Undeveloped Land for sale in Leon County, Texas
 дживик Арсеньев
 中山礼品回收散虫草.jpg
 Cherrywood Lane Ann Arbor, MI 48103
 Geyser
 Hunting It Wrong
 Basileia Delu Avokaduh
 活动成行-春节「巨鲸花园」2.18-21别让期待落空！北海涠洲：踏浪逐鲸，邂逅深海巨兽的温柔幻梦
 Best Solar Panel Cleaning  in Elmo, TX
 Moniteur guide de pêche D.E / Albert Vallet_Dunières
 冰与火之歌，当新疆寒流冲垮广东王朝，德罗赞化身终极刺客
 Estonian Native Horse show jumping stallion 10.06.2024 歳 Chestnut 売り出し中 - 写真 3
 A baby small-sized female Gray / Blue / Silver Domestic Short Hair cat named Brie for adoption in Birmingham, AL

==========

Each line of the records belongs in the answer, reproduced exactly.

Undeveloped Land for sale in Leon County, Texas
 дживик Арсеньев
 中山礼品回收散虫草.jpg
 Cherrywood Lane Ann Arbor, MI 48103
 Geyser
 Hunting It Wrong
 Basileia Delu Avokaduh
 活动成行-春节「巨鲸花园」2.18-21别让期待落空！北海涠洲：踏浪逐鲸，邂逅深海巨兽的温柔幻梦
 Best Solar Panel Cleaning  in Elmo, TX
 Moniteur guide de pêche D.E / Albert Vallet_Dunières
 冰与火之歌，当新疆寒流冲垮广东王朝，德罗赞化身终极刺客
 Estonian Native Horse show jumping stallion 10.06.2024 歳 Chestnut 売り出し中 - 写真 3
 A baby small-sized female Gray / Blue / Silver Domestic Short Hair cat named Brie for adoption in Birmingham, AL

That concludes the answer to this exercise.